When you lose everything that you worked for that finally made you feel like you had something to be proud of, like you could finally breathe, you stopped wanting to run away, you stopped thinking all the worst things a person can think about themselves; when that's taken from you, after you have been financially wiped out again and again and again through no fault of your own, and you are then silenced, ignored, harassed, abused, unheard, misjudged, neglected…it destroys you.
I have never thought of myself as a victim or a survivor. I am a fighter.
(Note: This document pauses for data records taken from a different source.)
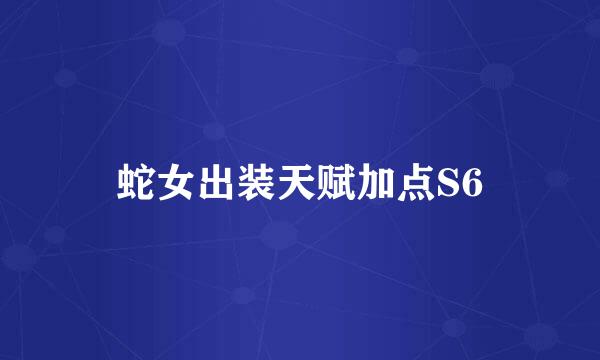 蛇女出装天赋加点S6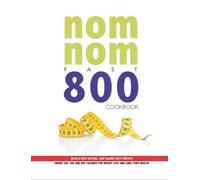 Nom Nom Fast 800 Cookbook: Quick & Easy Fasting. Low Calorie Tasty Recipes Under 300, 500 & 800 Calories For Weight Loss And Long Term Health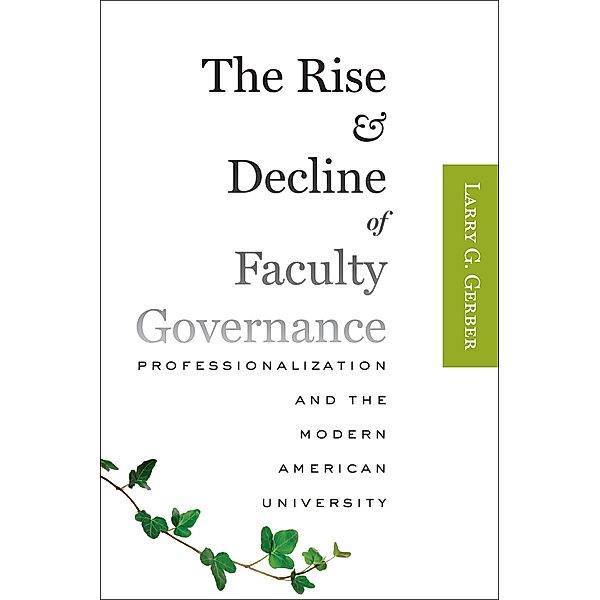 Rise and Decline of Faculty Governance, Larry G. Gerber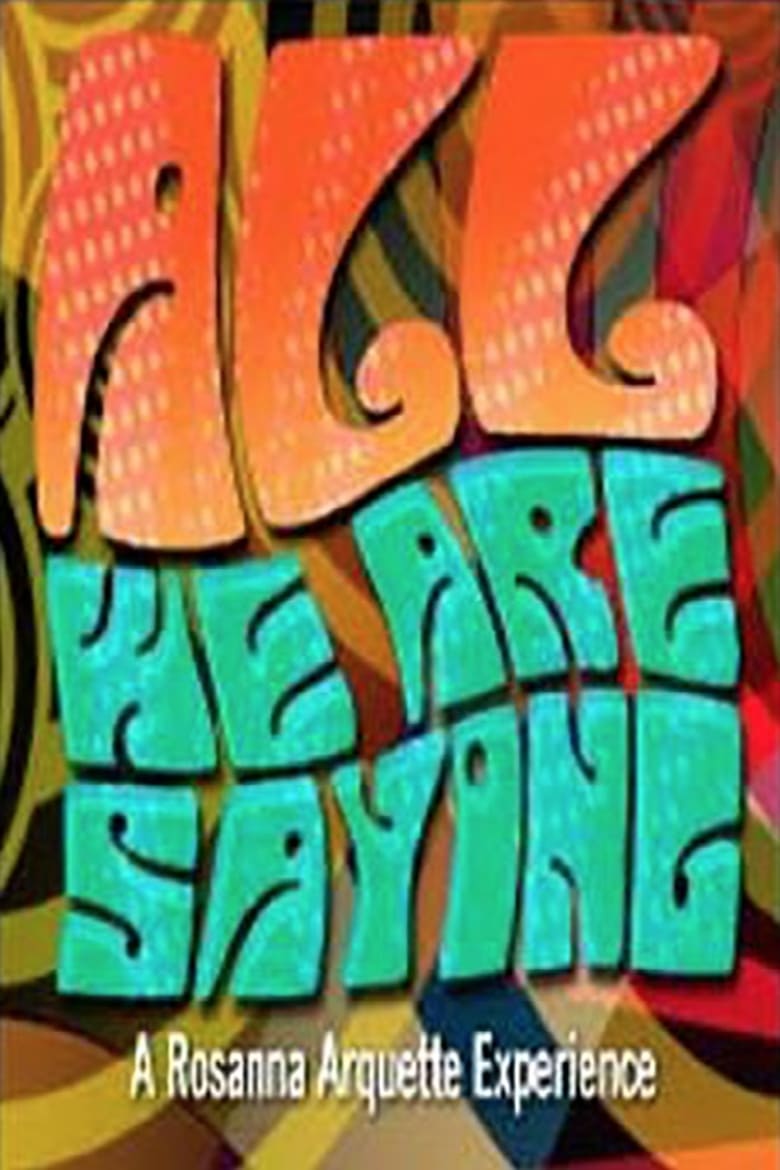 Poster of All We Are Saying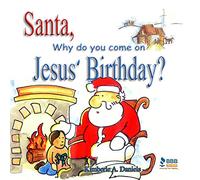 Santa, Why do you come on Jesus' Birthday?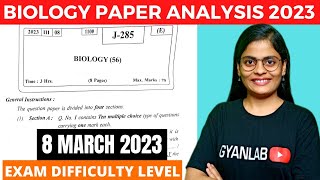 BIOLOGY Paper Analysis 2023  8 March  Difficulty Level  Gyanlab  Anjali Patel [upl. by Guinevere]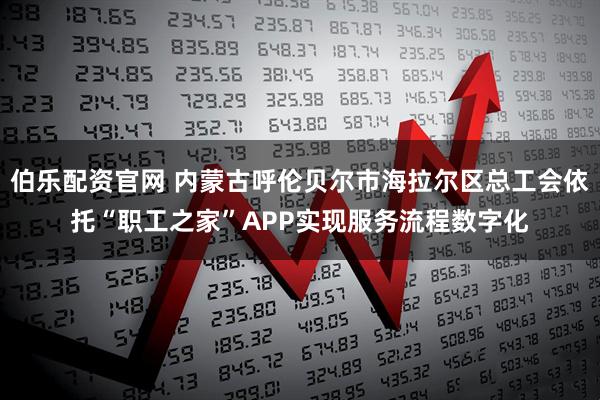 伯乐配资官网 内蒙古呼伦贝尔市海拉尔区总工会依托“职工之家”APP实现服务流程数字化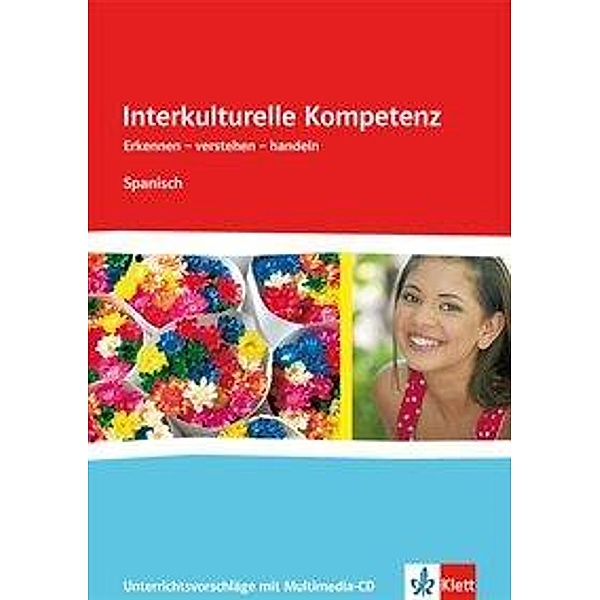 Interkulturelle Kompetenz - Spanisch. Erkennen - verstehen - handeln, m. 1 CD-ROM
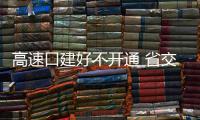 高速口建好不开通 省交通厅未答复 网友:任性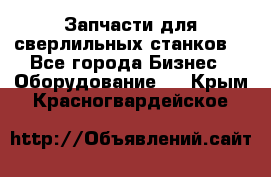 Запчасти для сверлильных станков. - Все города Бизнес » Оборудование   . Крым,Красногвардейское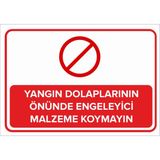 Renkli Reklam Yangın Dolaplarının Önüne Engelleyici Malzeme Koymayın Levhası (Sac Malzeme) - 35 x 50 Cm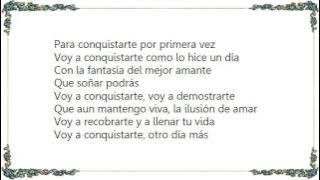 Jose Luis Rodríguez - Voy a Conquistarte Lyrics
Besides my dogs, Meraki was the thing that made me get out of bed in the morning. I had an unnecessary total hysterectomy when I was 33 so I was never able to have a family. Meraki was it for me, and I made my peace with that. This was the path I ended up on, and I did everything I could to make it one in which I felt purpose. Meraki gave me something I never had before: Freedom. Freedom to choose, freedom to do what I wanted when I wanted, freedom to allow my nervous system to finally begin to regulate, freedom to be me.
I was just starting to really get to know myself when the rug was pulled out from under me. Again. And again. And again. After the first flood happened I stopped feeling safe. I was scrambling to do whatever I had to in order to keep my business up and running without creating a tremendous amount of debt in the process.
I have been climbing uphill against 100 mph winds for my entire life just to try to be me.